Outer Wilds was the only game to make me fear death, but it also teaches you how to accept it in the end, and that's the most beautiful thing about it I think.

generalrubbish
Автор

God I'd love to analyse this game, but I know I couldn't top this video

Leadhead
Автор

You captured this masterpiece perfectly.

MrMEOLA
Автор

Best part is: even the 'good' ending of outer wilds isn't a happy one. Its a bittersweet one.

dango
Автор

To quote the best description of Outer Wilds that I've ever seen:

"We start the game wanting to know everything. We finish the game wanting to forget everything and start again."
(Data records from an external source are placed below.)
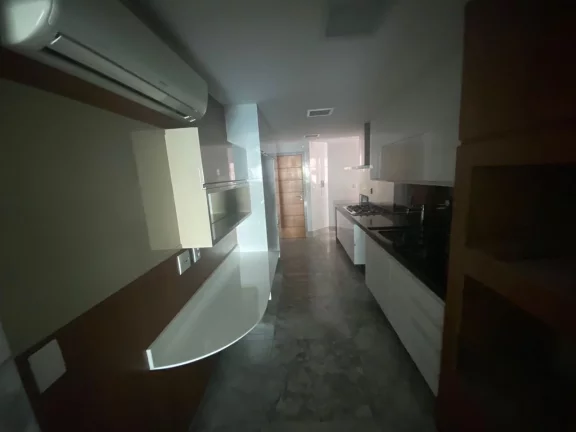 Imagem LUXUOSO APARTAMENTO DE FRENTE PARA O MAR NA PRAIA DA COSTA - VILA VELHA / ES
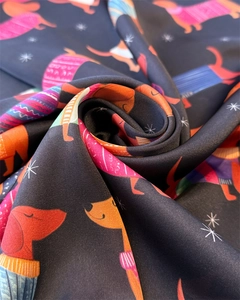 Détail d'un foulard effet soie avec motifs teckel imprimés et étoiles blanches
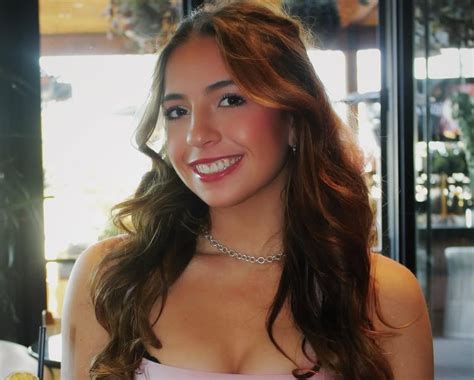 Inside Hank Handy’s Private Nudes: Shocking Shots No One Sees!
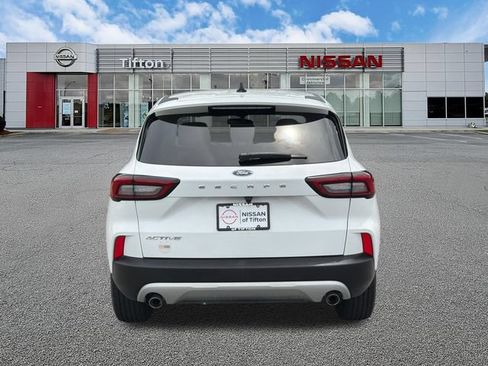 Used 2025 Ford Escape Active FWD image 6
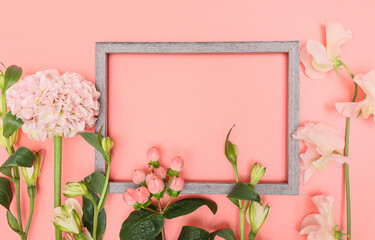 ピンクの花のロマンチックでエレガントな背景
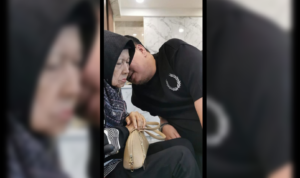 Raja Zubaidah binti Raja Hasan Anip di sisa hidupnya, bersama Rury Afriansyah, anak bungsunya yang kini mengemban tanggungjawab sebagai Direktur PT Dani Tasha Lestari.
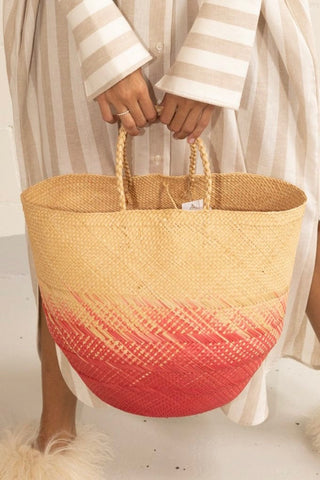 We combine trendy and colorful designs, exclusive of Guanábana, with a traditional handicraft like baskets to create a very special accessory. Our baskets are hand made by artisans using the technique of weaving with iraca, typical of the Colombian tradition. The iraca, or toquilla straw, is a natural fiber that comes from the Carludovica palmata plant.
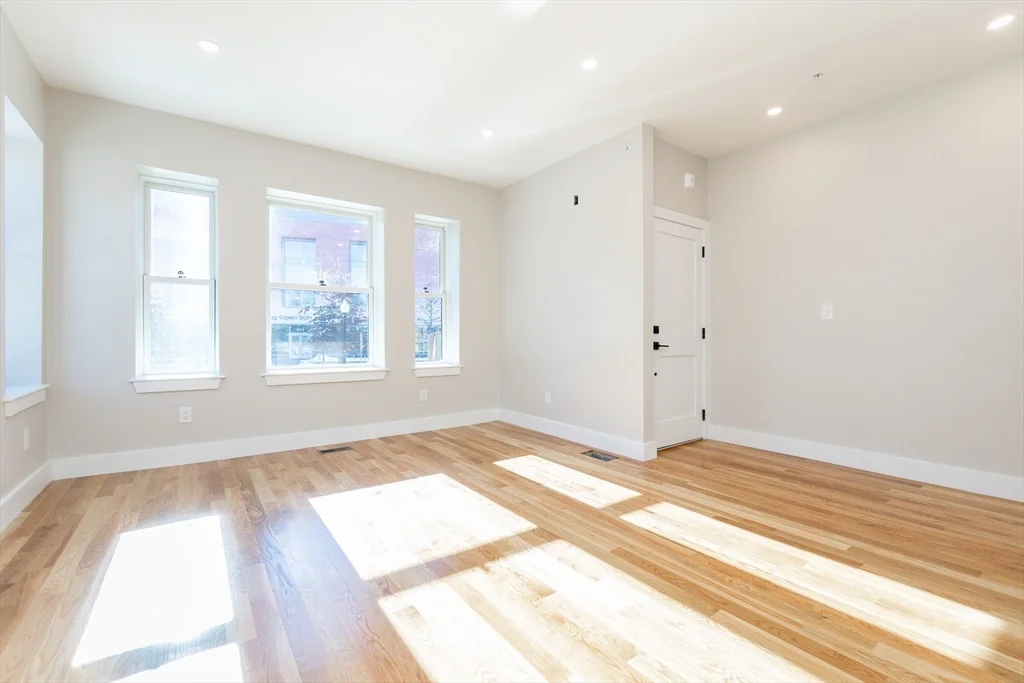 5 bed, 3 bath apartment for rent at 871 Cambridge Unit 1, Inman Square — photo 14 of 30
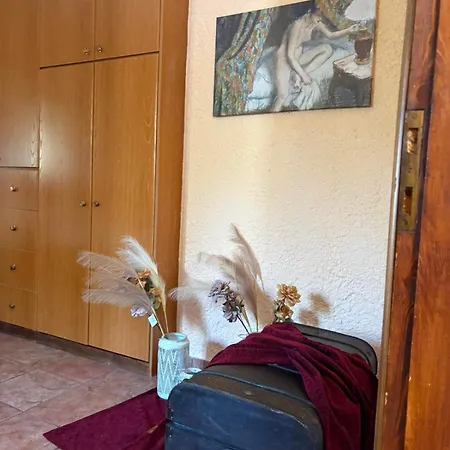 Willa Voukamvilia 3 Minutes Walk From Néon Oítilon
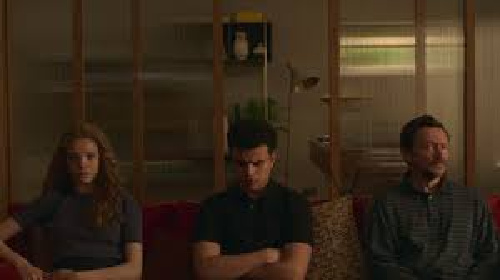 The Strays no spoilers 3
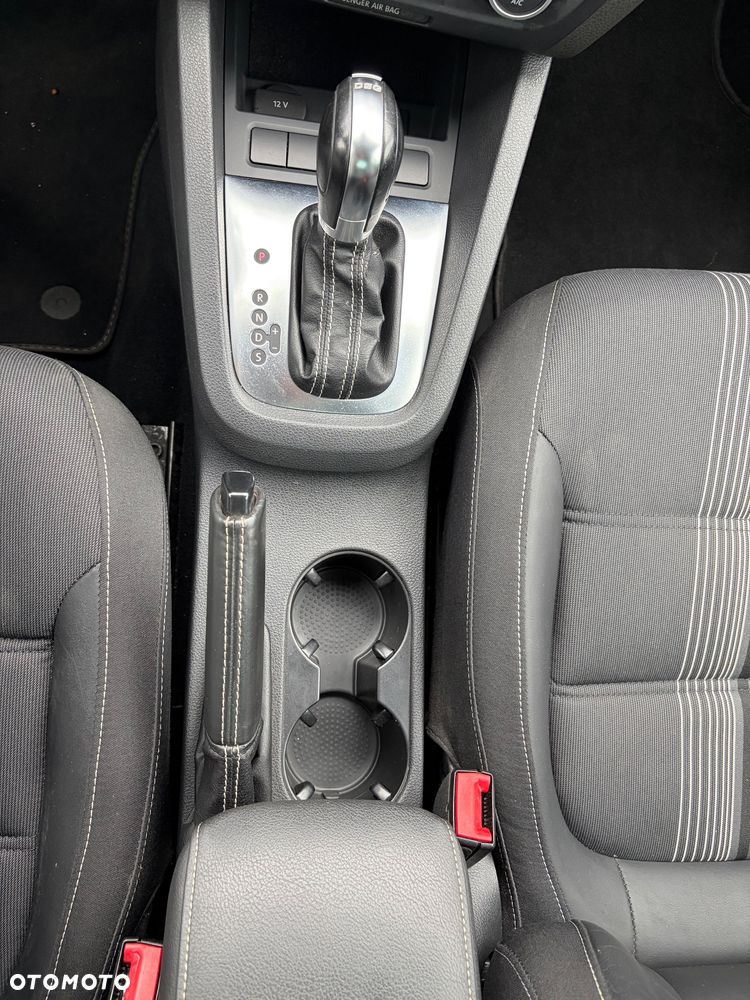 Volkswagen Jetta 1.4 TSI DSG Match - 25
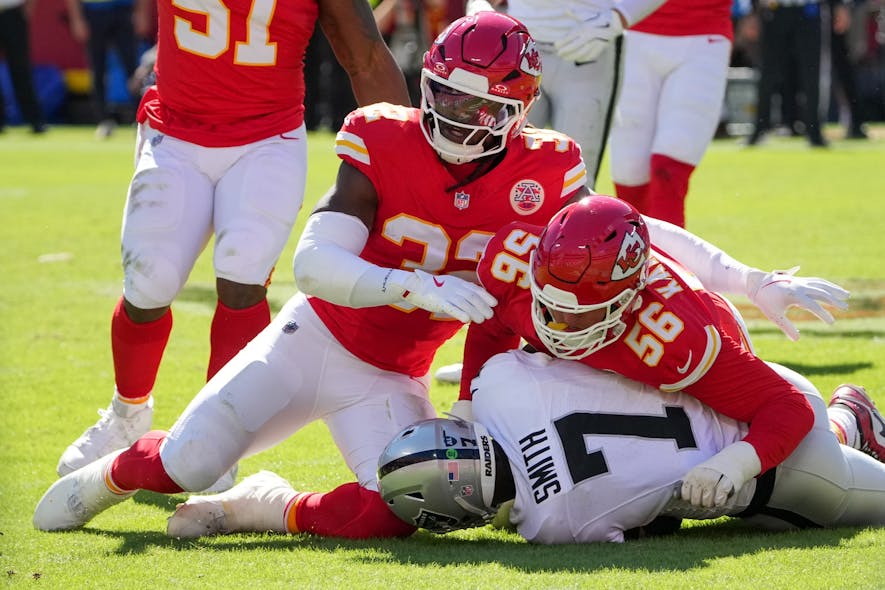 © Denny Medley-Imagn Images waiver wire defenses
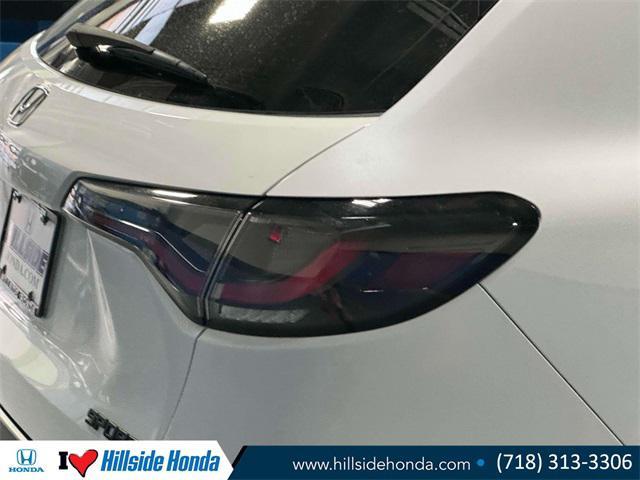 Photo of 2023 Platinum White Pearl Honda HR-V
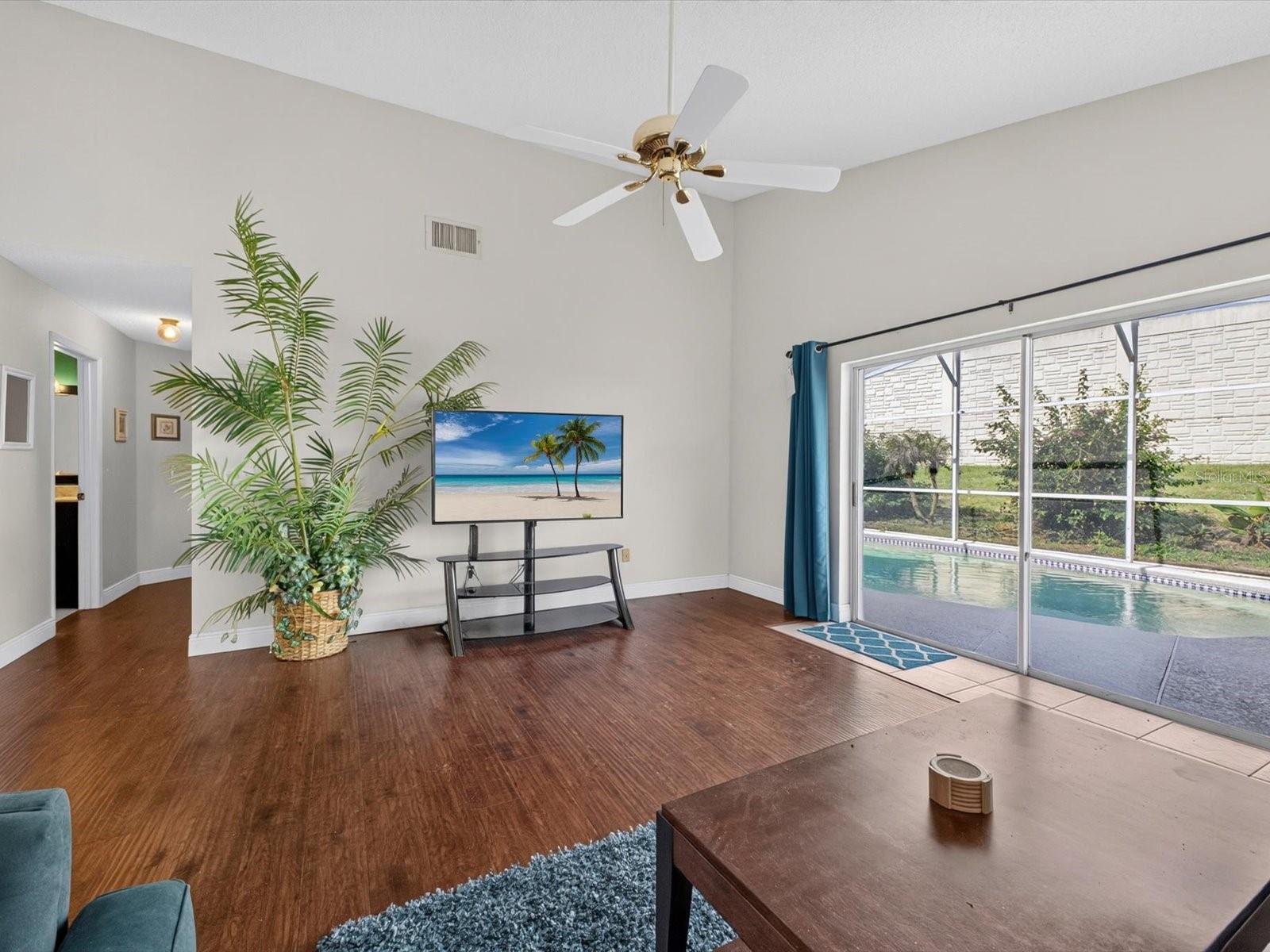 267 ROCHESTER LOOP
- Some random Steam review

glub
Автор

“And I start to run” why does this mess me up so much?

lorekeeper
Автор

I tried to escape that cursed world once. I jumped in my ship, hit the pedal and start to move towards the outer space. I flew like 15 minutes, faster and faster! I thought I cheated the system. It was horrifying when I saw that glitchy, stretched blue texture slowly crawling at me, despite the fact I gained insane amount of velocity and the game let me do that. It was horrifying, brutal.

groovie
Автор

Beautiful and horrifying all at once, thank you for a gorgeous existential crisis

MoondustManwise
Автор

“I will not say do not weep, for not all tears are an evil.”

MapMan
Автор

I just watched a video about a game I've never even heard of and was captivated the whole time. You, sir, are one of the best content creators on YouTube. Phenomenal.

wiiiilsoooon
Автор

Fiction, fanfiction or otherwise, i have never read a story with a timeloop where the main character breaks the loop accidentally, and contemplates their own sudden and inevitable mortality. This was a beautiful video, and your own narrative was amazing.